◆ **Records for processing**
....................

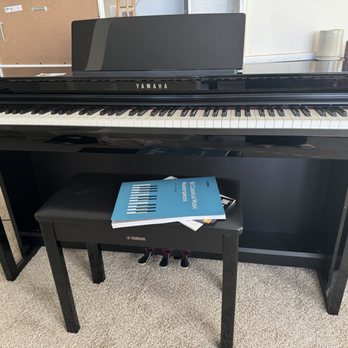 Greene Music - Yamaha CLP 825 - Musical Instruments & Teachers Near Me - San Diego, California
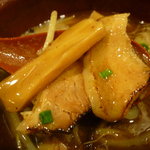 麺や　つるり - モヤシ、メンマ、チャーシューなど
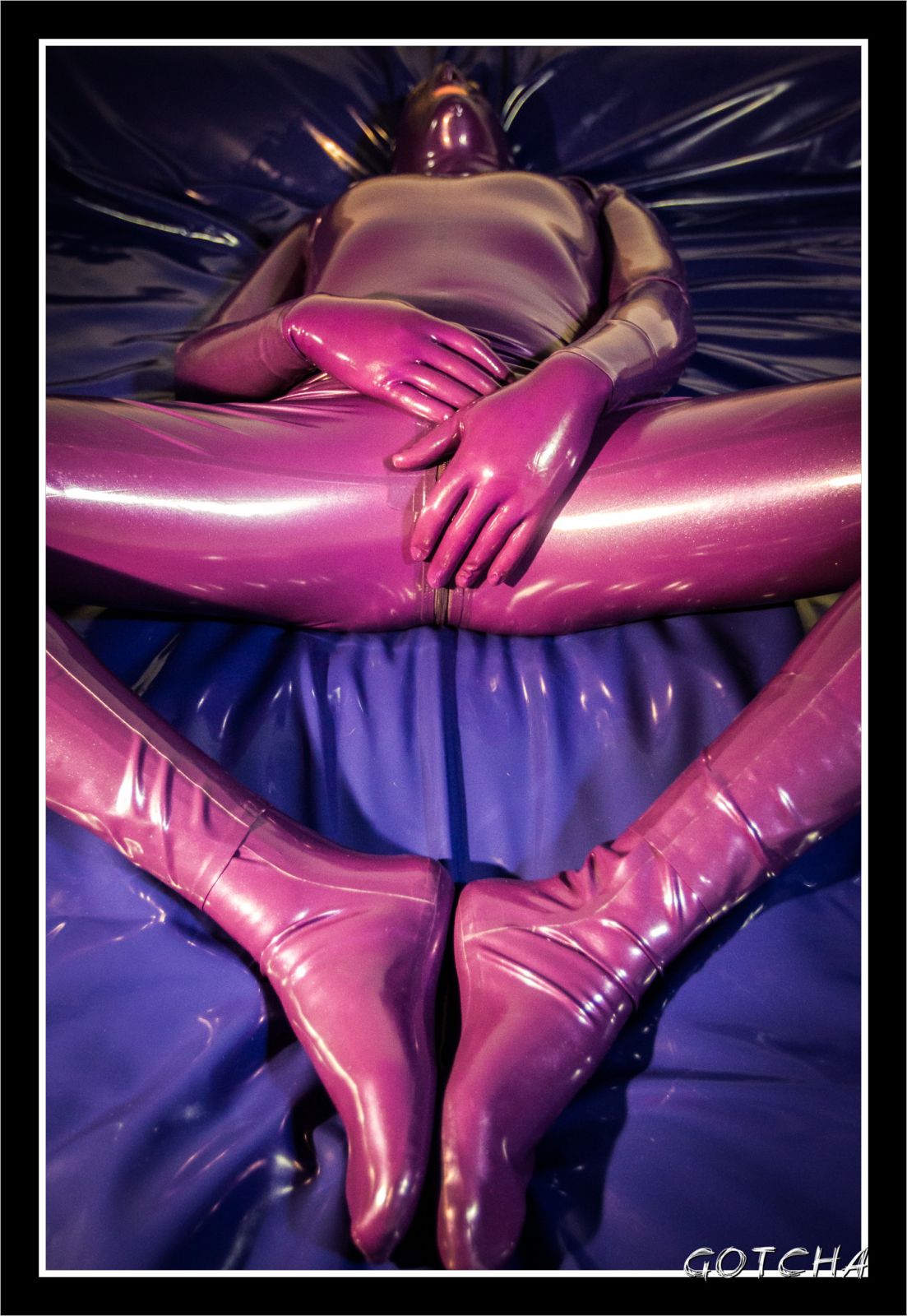 Moi en combi latex violette
Photographié par Gotcha
Mots-clés: latex catsuit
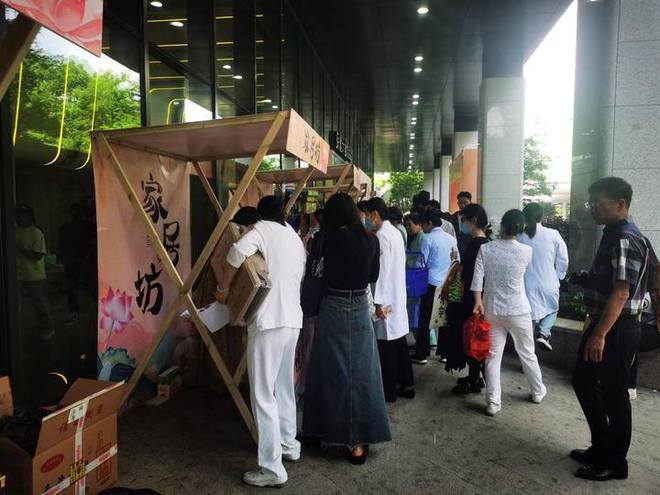 当母亲节遇上护士节鲜花店和蛋糕店开始忙芍药、康乃馨上C位(图4)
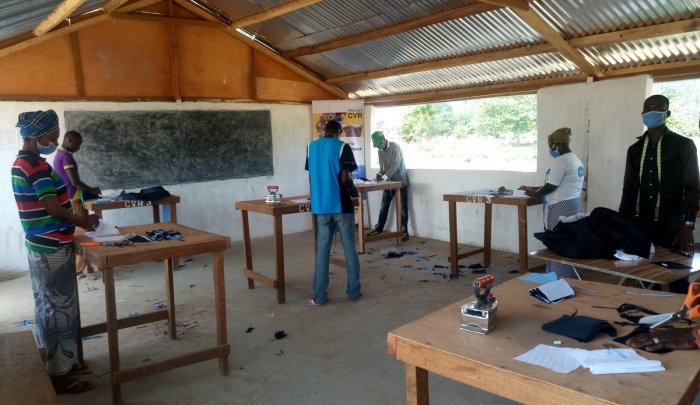 La Mission multidimensionnelle Intégrée des Nations Unies pour la Stabilisation en Centrafrique (MINUSCA), une opération de maintien de la paix de l'ONU, soutient la fabrication de masques de protection à Kaga Bandoro, en République centrafricaine. - © MINUSCA La Mission multidimensionnelle Intégrée des Nations Unies pour la Stabilisation en Centrafrique (MINUSCA), une opération de maintien de la paix de l'ONU, soutient la fabrication de masques de protection à Kaga Bandoro, en République centrafricaine. - © MINUSCA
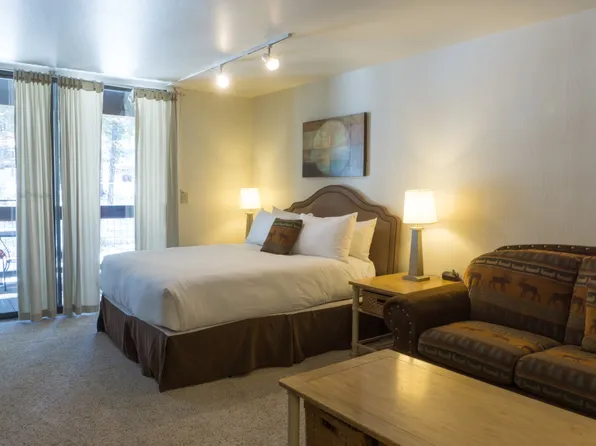 (undisclosed Address), Truckee, CA 96161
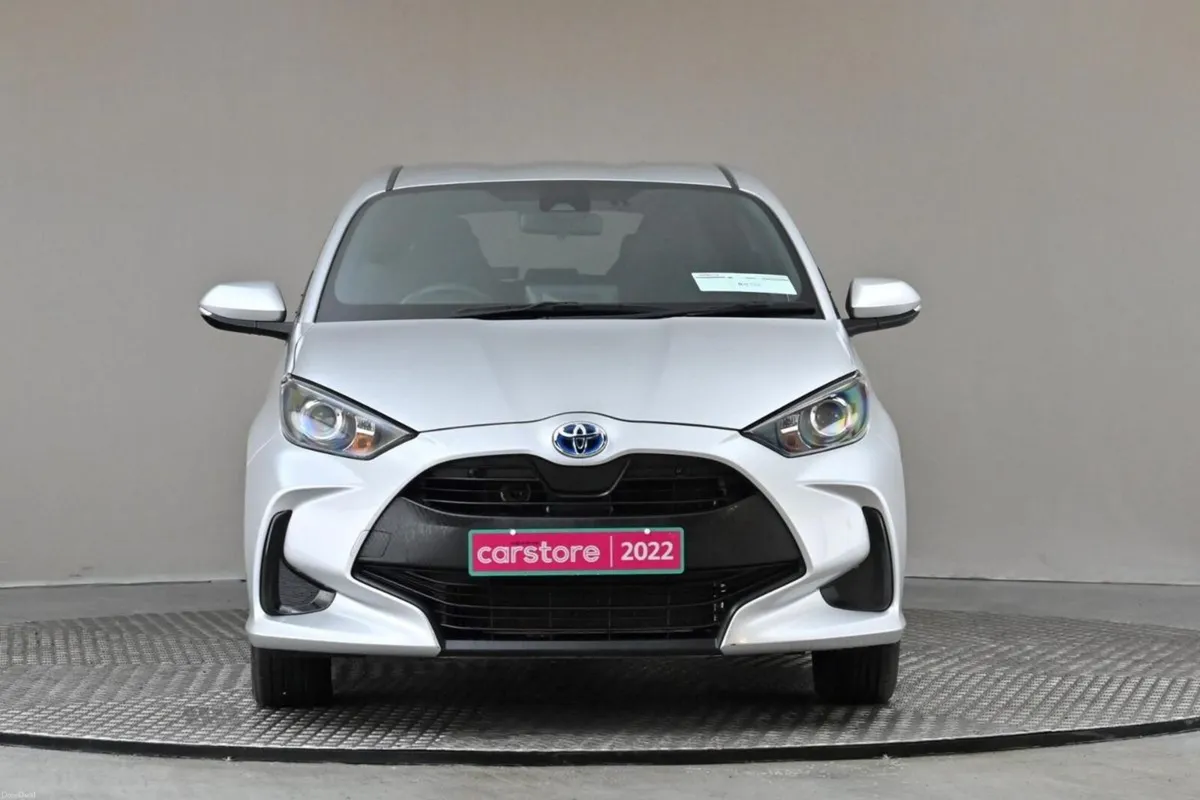 Toyota Yaris 1.5 PETROL HYBRID**REVERSE CAM** - Image 2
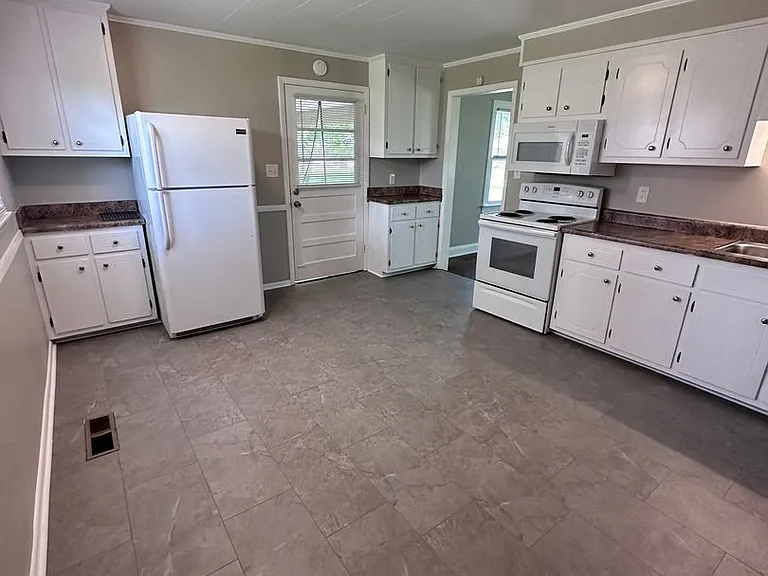 313 Ginnie Ln — Photo 5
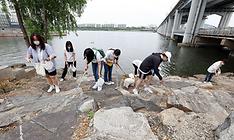 세계 환경의 날인 지난 6월 5일 서울 서초구 반포한강공원 달빛광장에서 쓰레기를 청소하는 ‘줍깅으로 감탄해’ 행사에 참여한 시민들이 쓰레기를 줍고 있다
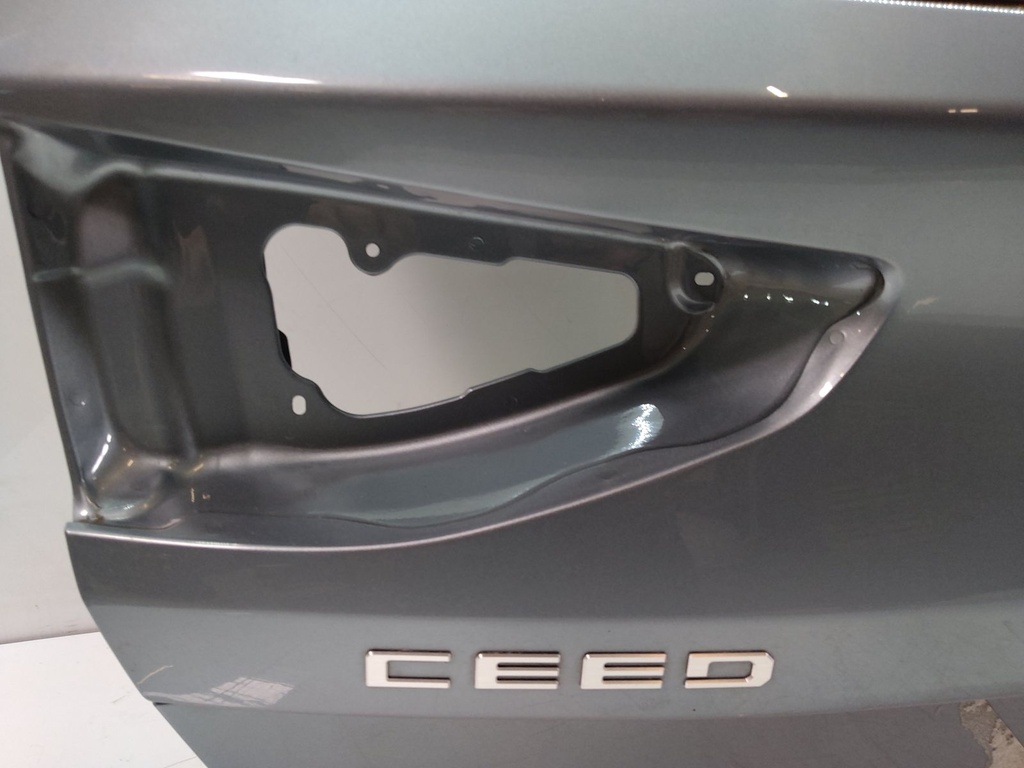 [MTD-510805] Tapa del maletero Kia Ceed CD 1.6 73700-J7100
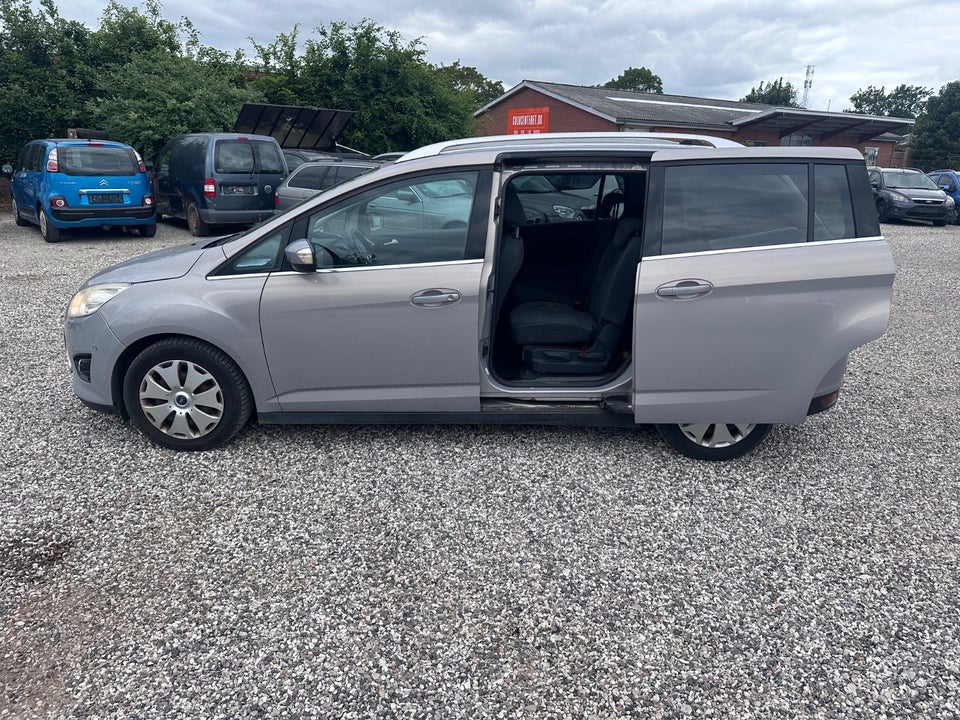 Ford Grand C-MAX 1,6 TDCi 115 Titanium 7prs 5d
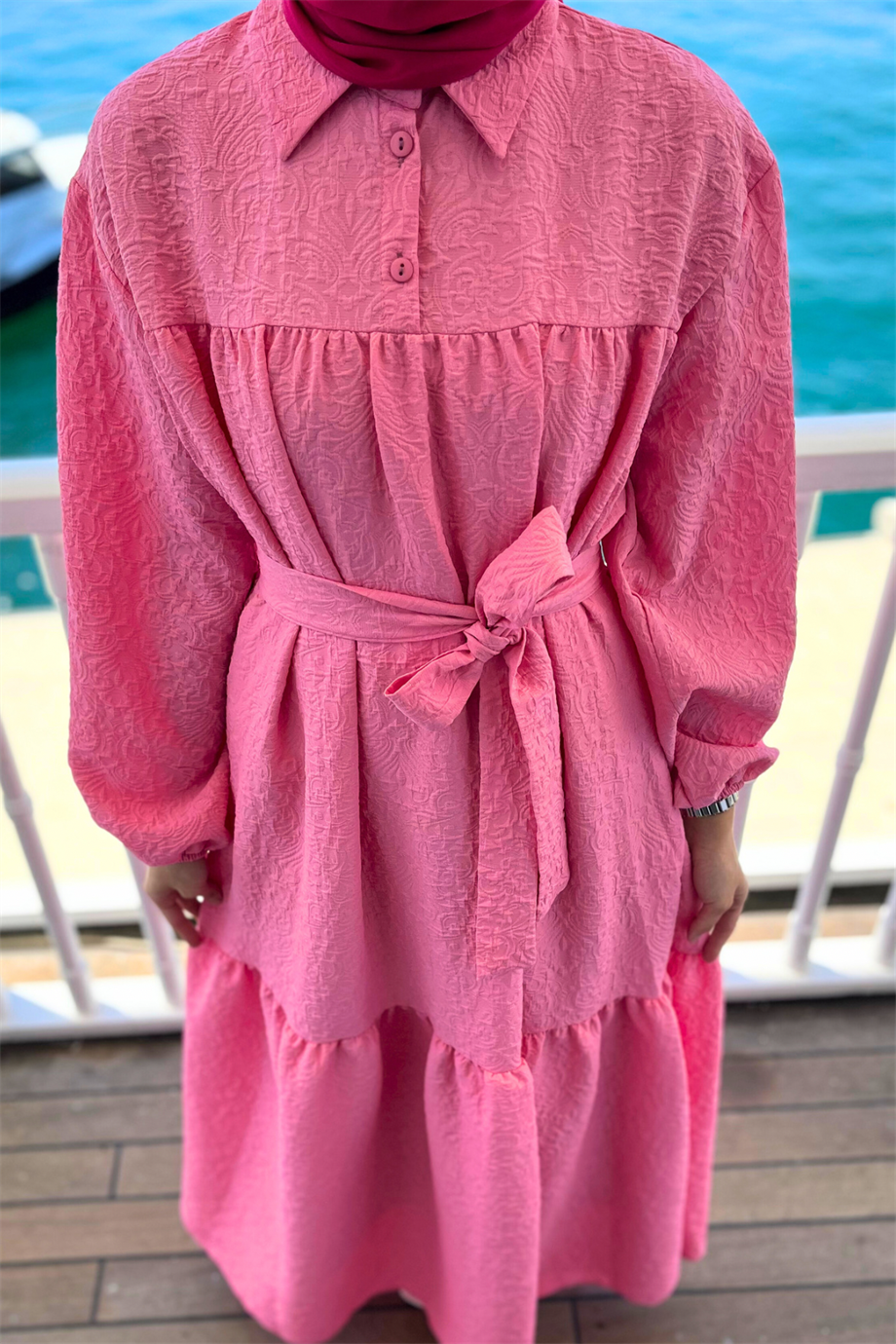Nora Elbise Pembe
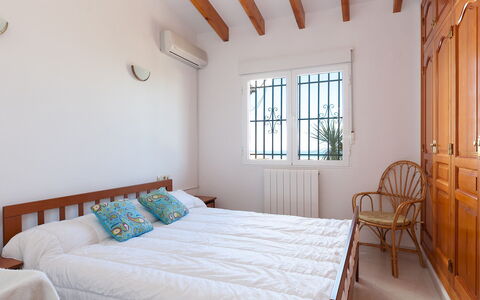 Stella: Meubles, Propriété, Fenêtre, Confort, Bleu Azur, Bois, Design Intérieur, Éclairage, Sol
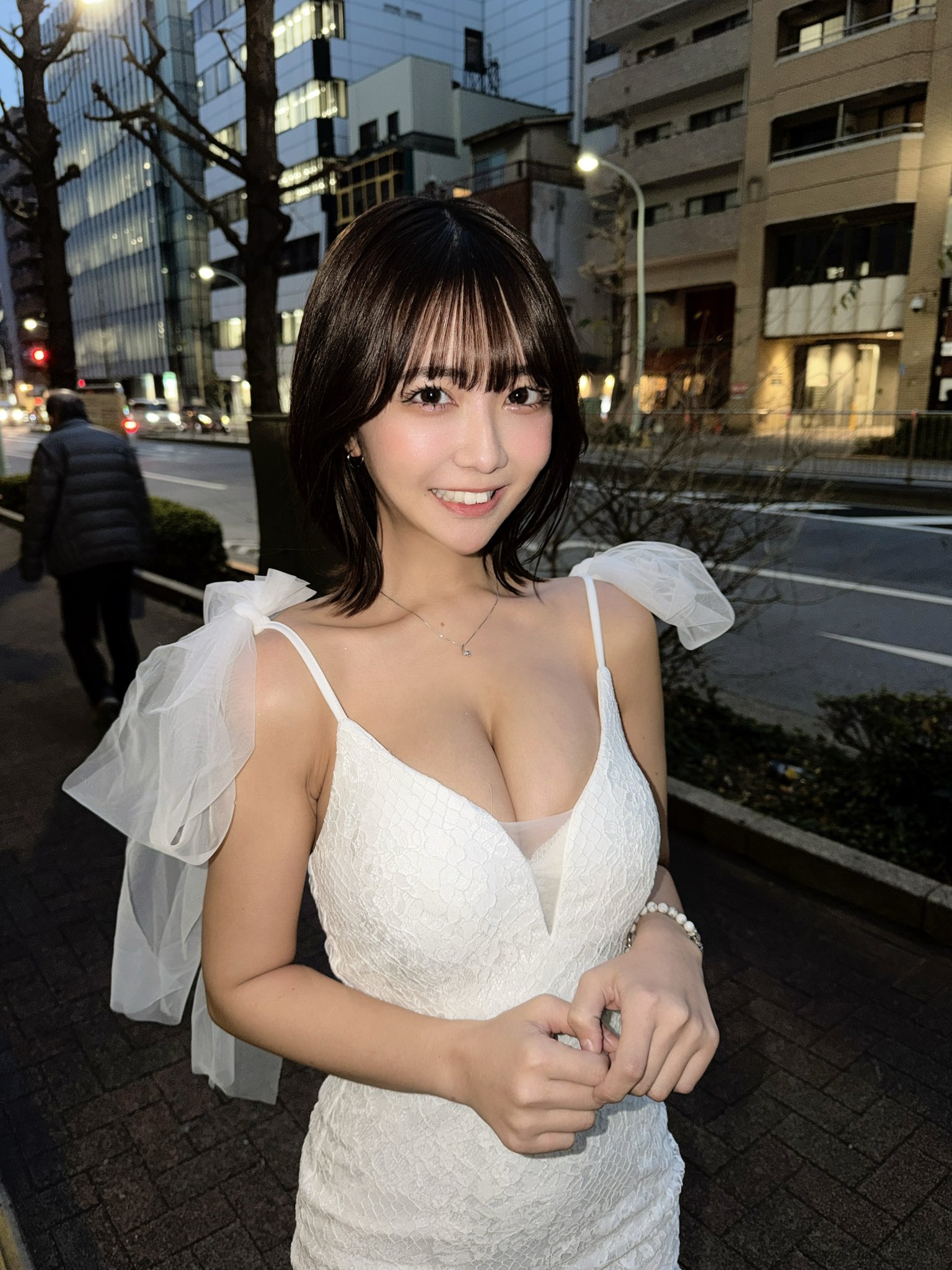 「今日の私、色んな意味で通行人に見られたよ……」 天羽希純、都会の路上に咲いた「純白レースドレス」姿で魅せる、圧倒的ヒロインオーラの衝撃!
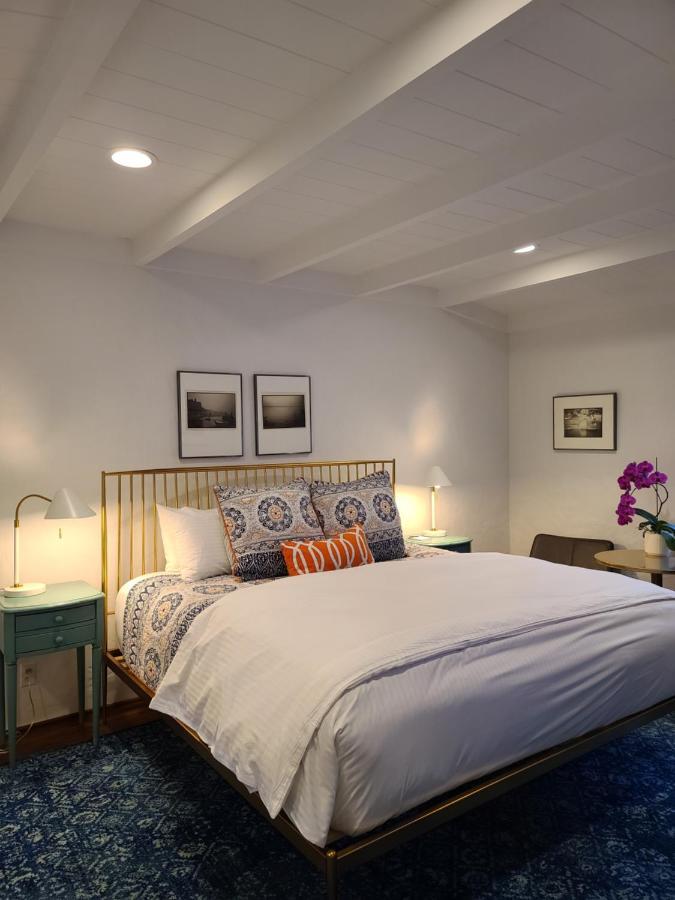 The Vagabond's House Boutique Bed & Breakfast Carmel-by-the-Sea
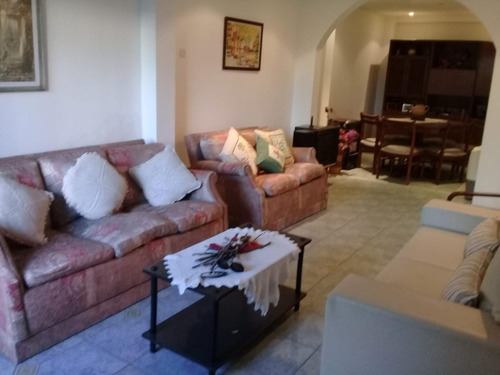¡preciosa Casa, 3 Dormitorios, Gran Terraza Con Parrillero, Jardín, Garaje, Para Entrar!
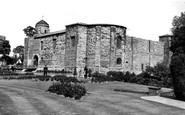 Colchester, the Castle and Grounds c1960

....................

◆ **Task item**
Write out every line above exactly as it is, leaving out the pictures.

◆ **Output for this exercise**
 Greene Music - Yamaha CLP 825 - Musical Instruments & Teachers Near Me - San Diego, California
 麺や　つるり - モヤシ、メンマ、チャーシューなど
 Moi en combi latex violette
Photographié par Gotcha
Mots-clés: latex catsuit
 当母亲节遇上护士节鲜花店和蛋糕店开始忙芍药、康乃馨上C位(图4)
 La Mission multidimensionnelle Intégrée des Nations Unies pour la Stabilisation en Centrafrique (MINUSCA), une opération de maintien de la paix de l'ONU, soutient la fabrication de masques de protection à Kaga Bandoro, en République centrafricaine. - © MINUSCA La Mission multidimensionnelle Intégrée des Nations Unies pour la Stabilisation en Centrafrique (MINUSCA), une opération de maintien de la paix de l'ONU, soutient la fabrication de masques de protection à Kaga Bandoro, en République centrafricaine. - © MINUSCA
 (undisclosed Address), Truckee, CA 96161
 Toyota Yaris 1.5 PETROL HYBRID**REVERSE CAM** - Image 2
 313 Ginnie Ln — Photo 5
 세계 환경의 날인 지난 6월 5일 서울 서초구 반포한강공원 달빛광장에서 쓰레기를 청소하는 ‘줍깅으로 감탄해’ 행사에 참여한 시민들이 쓰레기를 줍고 있다
 [MTD-510805] Tapa del maletero Kia Ceed CD 1.6 73700-J7100
 Ford Grand C-MAX 1,6 TDCi 115 Titanium 7prs 5d
Nora Elbise Pembe
 Stella: Meubles, Propriété, Fenêtre, Confort, Bleu Azur, Bois, Design Intérieur, Éclairage, Sol
 「今日の私、色んな意味で通行人に見られたよ……」 天羽希純、都会の路上に咲いた「純白レースドレス」姿で魅せる、圧倒的ヒロインオーラの衝撃!
 The Vagabond's House Boutique Bed & Breakfast Carmel-by-the-Sea
¡preciosa Casa, 3 Dormitorios, Gran Terraza Con Parrillero, Jardín, Garaje, Para Entrar!
 Colchester, the Castle and Grounds c1960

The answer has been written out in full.